PlayAI Dialog generally available; beats industry leading model 3 to 1 in human preference testing

PlayAI Dialog generally available; beats industry leading model 3 to 1 in human preference testing

February 3, 2025.  PlayAI’s Dialog Text-to-Speech model is now in general availability, bringing multilingual capabilities, and exceptional performance to applications requiring emotive, human-like speech.  In recent third-party benchmark tests, Dialog was preferred by 10:1 vs. ElevenLabs v2.5 Turbo, and by over 3:1 vs. ElevenLabs Multilingual v2.0.

Play the video below to find out what it sounds like, or visit our AI voiceover Studio to try it for yourself.

PlayDialog has the most human sounding voices for business and narrations

Many applications for voice AI depend on low latency, which is why we tested Dialog against ElevenLabs’ v2.5 Turbo model.
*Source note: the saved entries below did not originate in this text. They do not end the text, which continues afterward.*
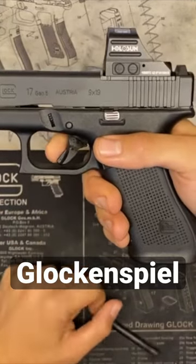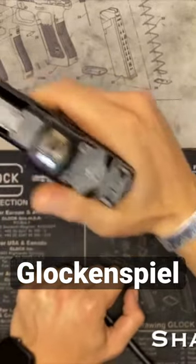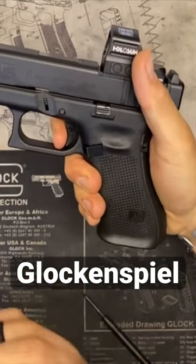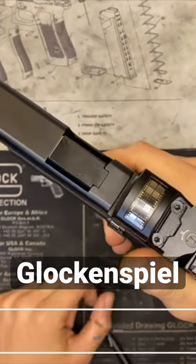Press the trigger while holding it to the rear, shake the pistol forward and backwards. You should hear it 'glockenspielen' — the Glock is talking to you. The firing pin should be free in the firing pin channel, so you can hear it kind of tingling around in there.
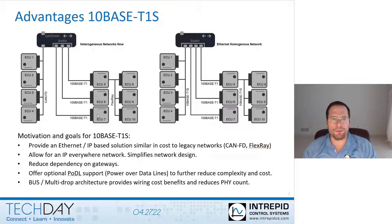It is not possible to simply replace bus or multi-drop networks like CAN FD and FlexRay with the existing automotive Ethernet networks like 100Base T1 or 1000Base T1, because they're point-to-point only or switch-based, which leads to more cost from a wiring and transceiver or PHY count perspective. And these are some of the reasons why the industry has developed a bus-based or multi-drop-based automotive Ethernet technology, and that is 10Base T1S.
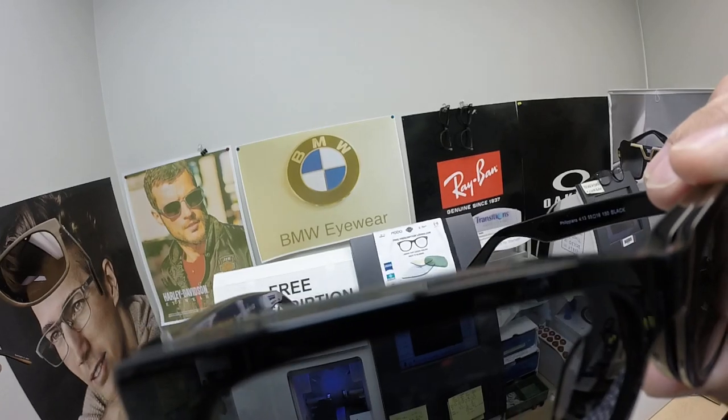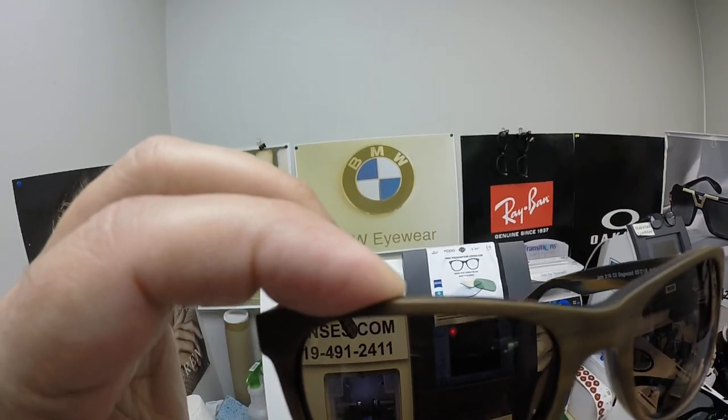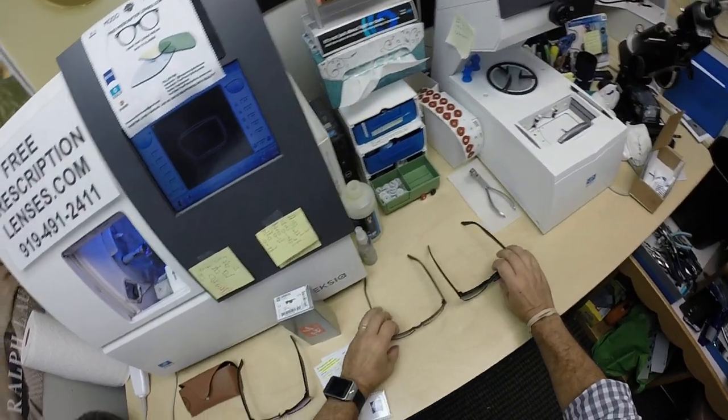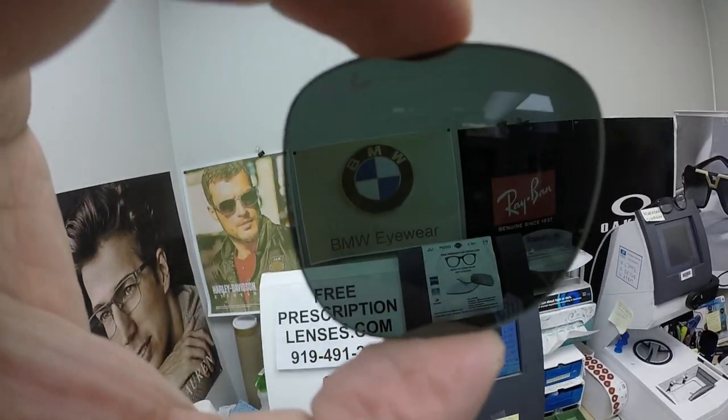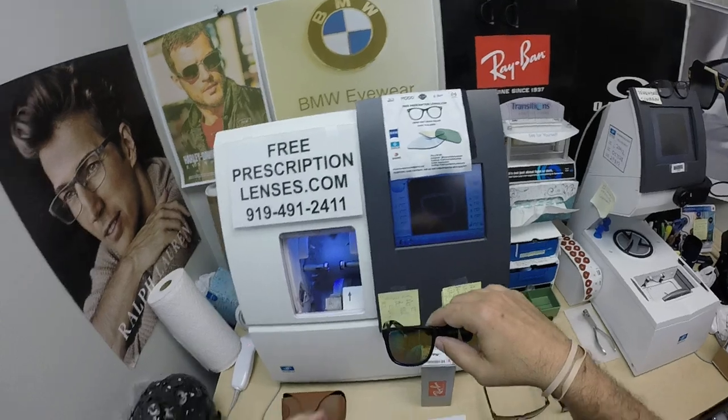Camera one. Camera two. What color do you like best — gray or brown? There's even the green G15, which I should have included. So you can look through that color and see which one your brain likes.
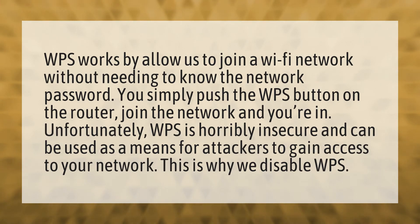Unfortunately, WPS is horribly insecure and can be used as a means for attackers to gain access to your network. This is why we disable WPS.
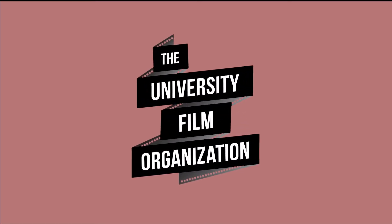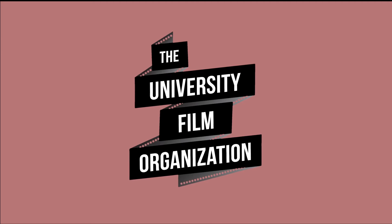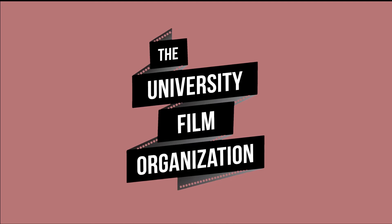Hello everybody, Conrad here with a video on equipment training. As productions begin, it's important to get familiar with the equipment that is available to you so you can use it properly in ways that are both safe and conducive for a better film.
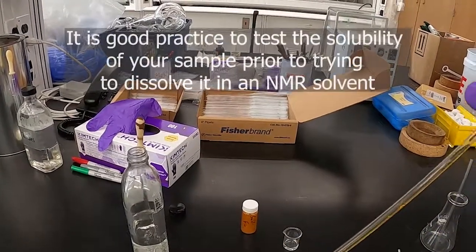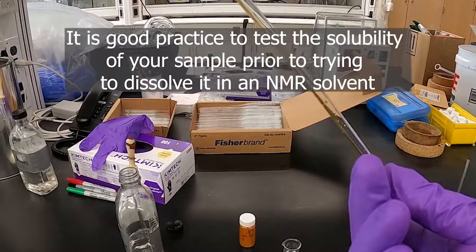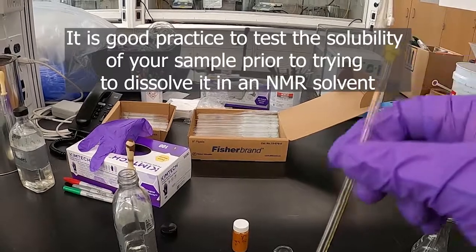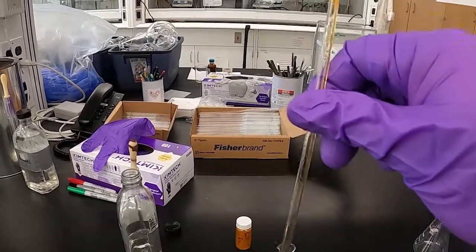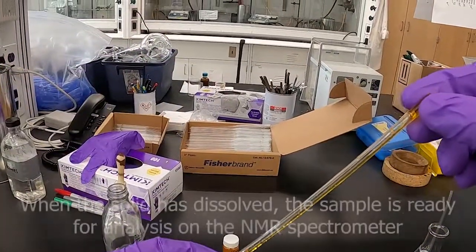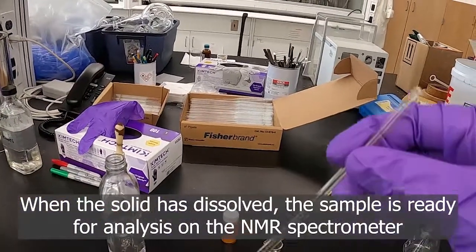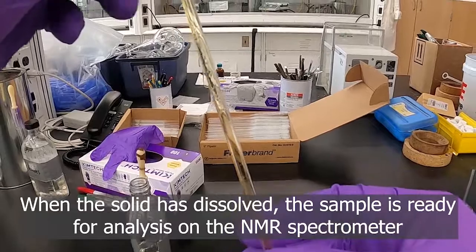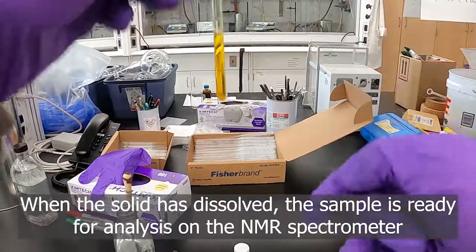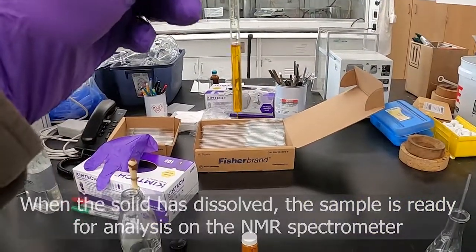That's why it's also a good idea to test in advance the compound you're putting in your solvent, to make sure that it's soluble in the NMR solvent you're going to be using. Sometimes just inverting the tube back and forth is enough to get your compound to dissolve. You can also tap it to get pieces to go down and get the liquid to drip down.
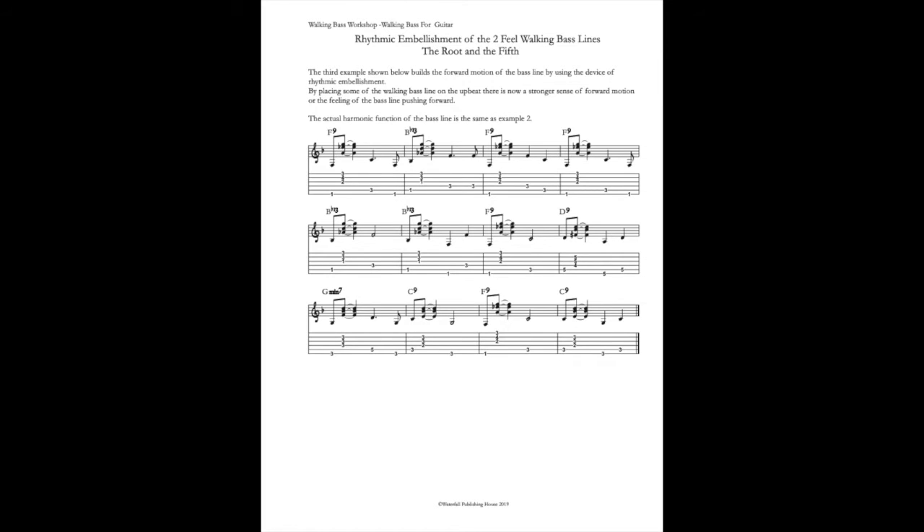The feeling of the bass line pushing forward. The actual harmonic function of the bass line is the same as in example two.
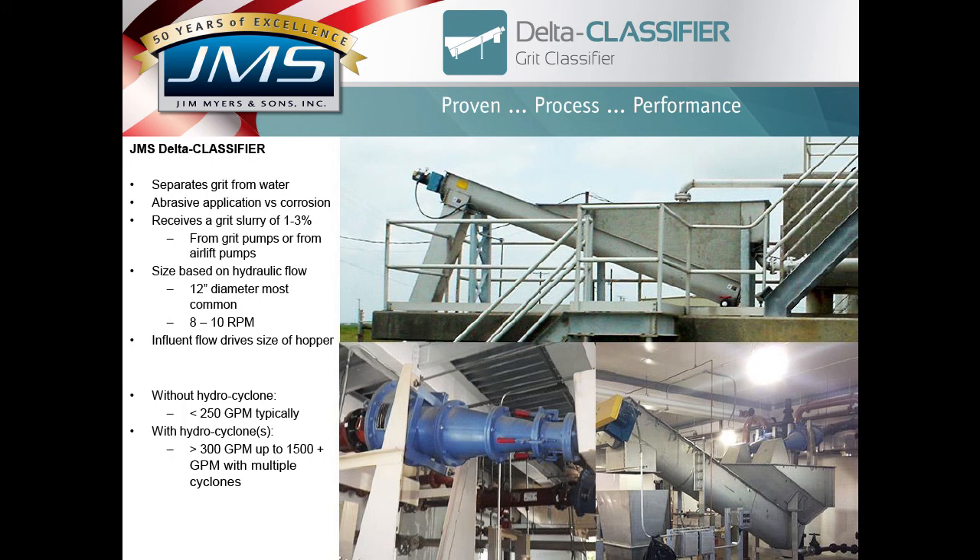The top picture is a system in Taft, Texas — no hydrocyclone, about a 225 to 250 gallon-per-minute system. The bottom right picture is in Butler County, Ohio — a dual hydrocyclone with a 24-inch diameter screw conveyor, which honestly was larger than necessary, but that's what was specified. The 24-inch diameter is the largest grit classifier we've provided, but we have provided them on several occasions.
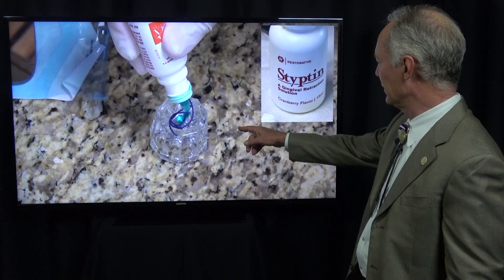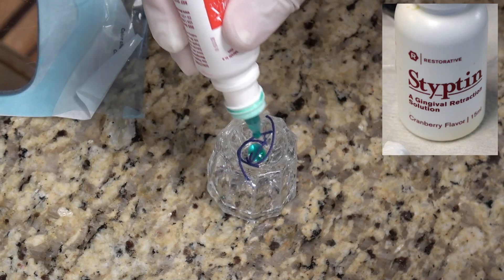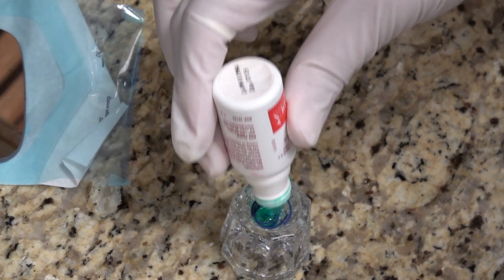We're placing them in a solution of Sipton, which is a gingival retraction solution that controls bleeding. So we're soaking the cords in this hemostatic agent.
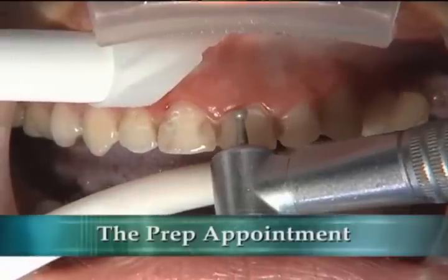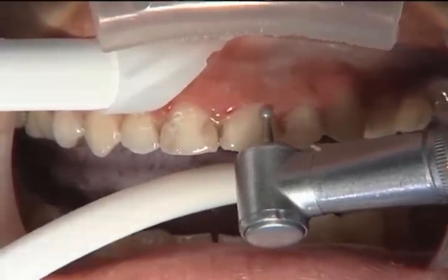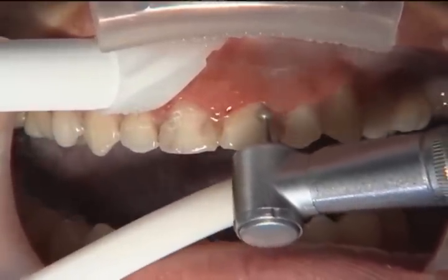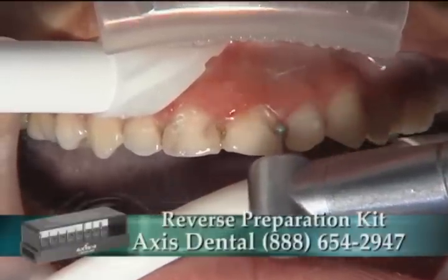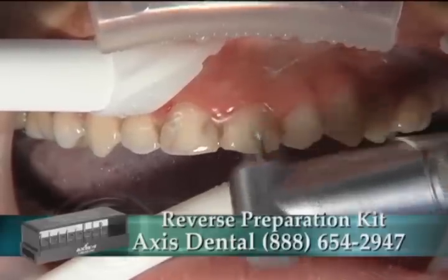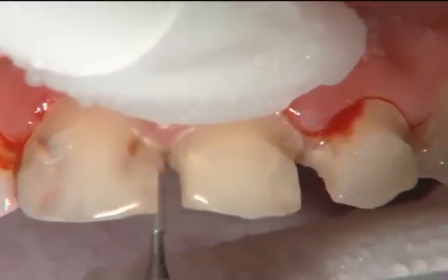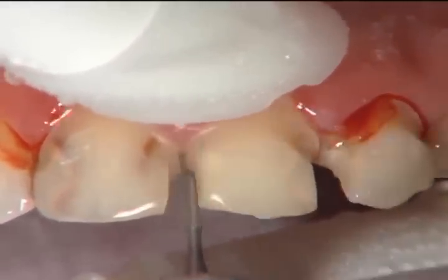As the first step in the reverse preparation technique, we're using a round burr — the 801-021 from Axis Dental. All the burrs in this presentation are from the reverse preparation kit, also available from Axis Dental. We're going in and breaking some interproximal contacts. Normally I really emphasize having no bleeding during preparation, but on this patient we're going to use the laser to adjust some gingival levels.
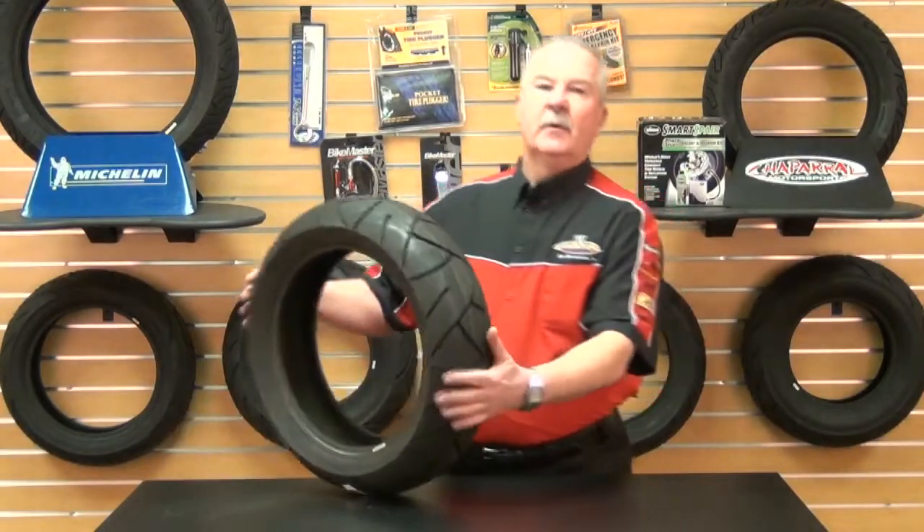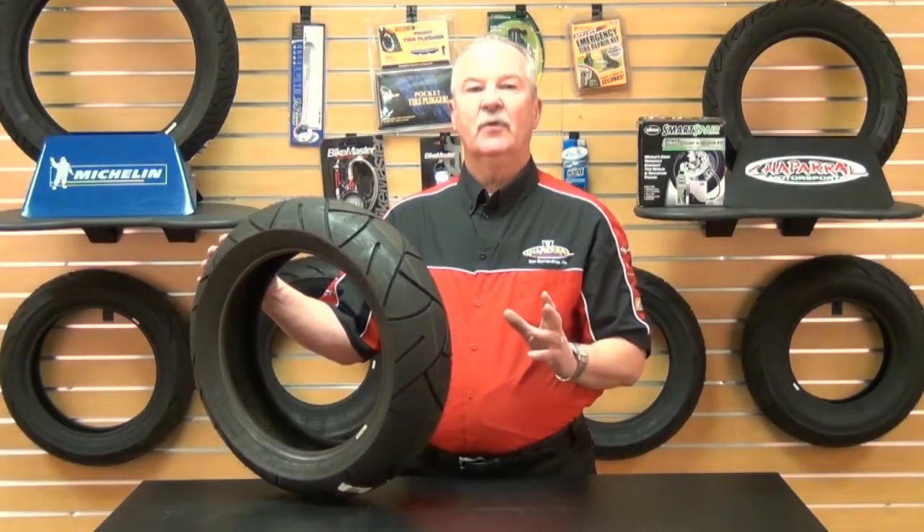The Michelin Pilot Sport SC tires are H-rated for speeds up to 130 miles an hour. The Pilot Sport SC is available in two front sizes: a 120-70 R14 and a 120-70 R15. The rear Pilot Sport SC is also available in two sizes: a 160-60 R14 and a 160-60 R15.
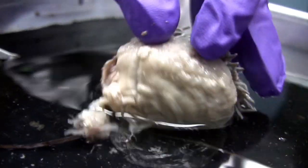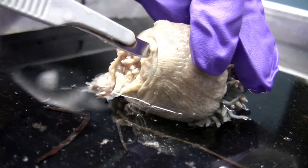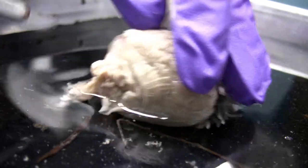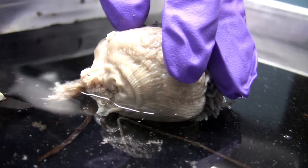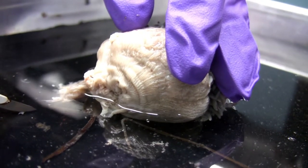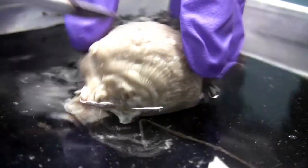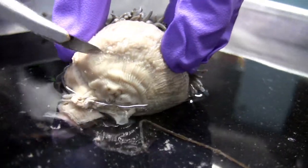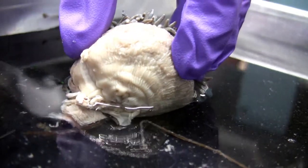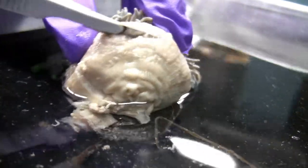Okay, she's right at the bottom? It says here... So that's supposed to: section specimens horizontally at several places between oral and fetal discs and observe mesenterial arrangements. And the positions of the well-defined tissues such as retractor, musculature, and the gonads. So I guess just slice this thing in half. Okay, here goes nothing.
Both products have similar Time-to-First-Audio (TTFA), and are suitable for low latency applications like voice agents, contact centers, gaming and entertainment. Dialog’s fluid and emotionally coherent speech led people to prefer it to 10:1 over v2.5 Turbo, indicating that frontier voice AI models are solving the problem of balancing quality of output with speed of output.  

Comparing Dialog to ElevenLabs’ Multilingual v2.0 (which has longer latency and would be more suited to applications like dubbing), we tested 60 male and female voice generations using identical text with a panel of 100 respondents.  In these tests, Dialog was preferred 76% of the time, or over 3 to 1 vs. ElevenLabs.  

In both benchmarking analyses, respondents highlighted accurate expressiveness, and pacing as key reasons for the preference.  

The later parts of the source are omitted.